Email list hosting service & mailing list manager

Re: Surrogates and character representation Thomas Lord (27 Jul 2005 18:31 UTC)
Re: Surrogates and character representation John.Cowan (27 Jul 2005 19:55 UTC)

Re: Surrogates and character representation Thomas Lord 27 Jul 2005 18:32 UTC

I'm surprised that nobody in the threads about
constant-time access to Unicode strings has
mentioned adaptive encoding forms.

My plan (and stalled code) works that way.  If a
string contains only codepoints in 0..255, store it as bytes.
0..ffff, use 16-bits, otherwise, use 32.

All access to a given codepoint position is O(1) that way.
Some mutations and are worst-case linear in
the length of the string but can be expected case O(1).
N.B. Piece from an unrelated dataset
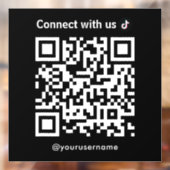 Tiktok Verbindung mit USB QR Code Schwarz Fensteraufkleber (Blatt 2)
Some strings need to be converted before being passed to
functions provided by the native environment.  On
the other hand, linguistic text is likely to be space
efficient.

This technique internally uses non-standard and
restricted encoding forms.  Surrogates are never
used in this representation as a stand-in for a
wider character and so there is no difficulty
handling unpaired surrogates.  (Even concatenating
one string ending in a high surrogate with one
beginning with a low surrogate produces the desirable
result: a string with two adjacent unpaired surrogates.)

-t